• [Work task]
Your answer must be the exact lines from the one with "Tree on dry" to the end of the data, both included, with no pictures.

*** Opening of Collected material ***

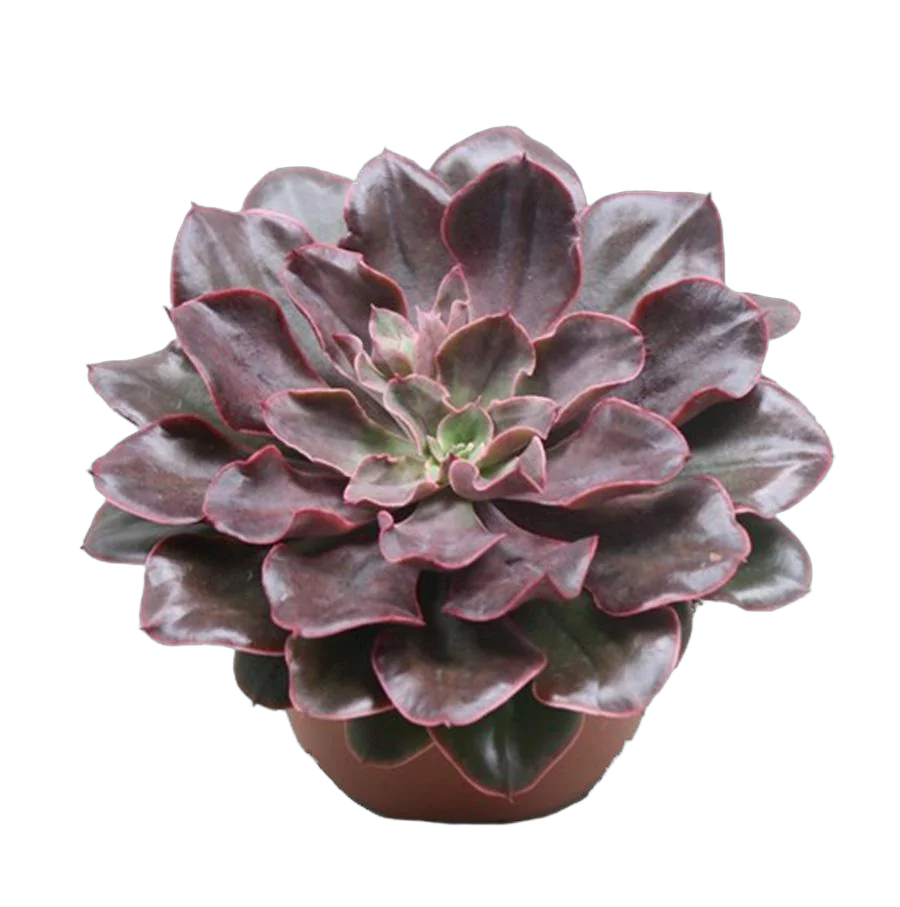 Эхеверия Ред Принц, красный принц - Echeveria Red Prince D5 H12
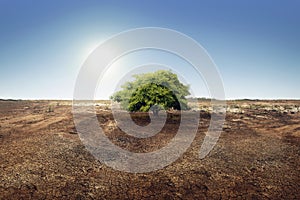 Tree on dry land effect of changing environment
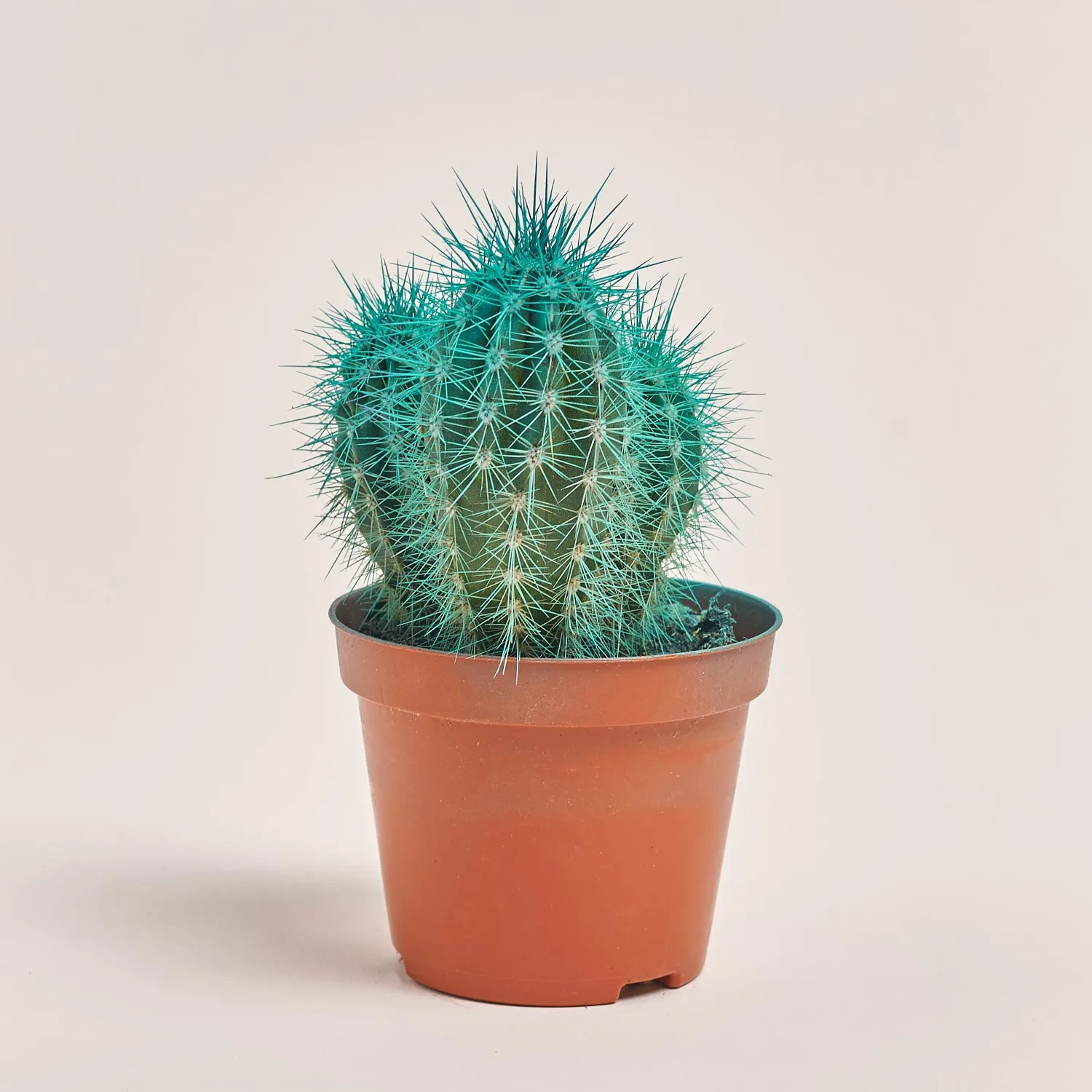 Зображення товару Кактус Рейнбов, артикул: 5912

*** Close of Collected material ***

• [Output of the exercise]
 Tree on dry land effect of changing environment
 Зображення товару Кактус Рейнбов, артикул: 5912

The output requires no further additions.